BEGIN Data for this task

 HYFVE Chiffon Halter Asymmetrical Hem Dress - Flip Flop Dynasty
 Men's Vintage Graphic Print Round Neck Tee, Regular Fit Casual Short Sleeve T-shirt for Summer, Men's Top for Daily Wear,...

END Data for this task
BEGIN Data for this task

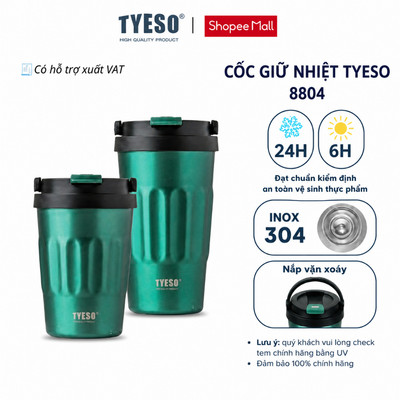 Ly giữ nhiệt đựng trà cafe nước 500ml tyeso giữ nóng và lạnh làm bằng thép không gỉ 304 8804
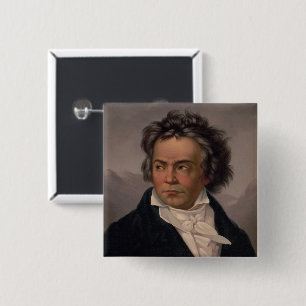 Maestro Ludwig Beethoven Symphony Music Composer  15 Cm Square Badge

END Data for this task

Exercise goal ▸
Here the job is to copy the listing above word for word, starting at the line with "Ly giữ nhiệt" and ending at the line with "Maestro Ludwig Beethoven", and to leave out the pictures.

Solved problem ▸
 Ly giữ nhiệt đựng trà cafe nước 500ml tyeso giữ nóng và lạnh làm bằng thép không gỉ 304 8804
 Maestro Ludwig Beethoven Symphony Music Composer  15 Cm Square Badge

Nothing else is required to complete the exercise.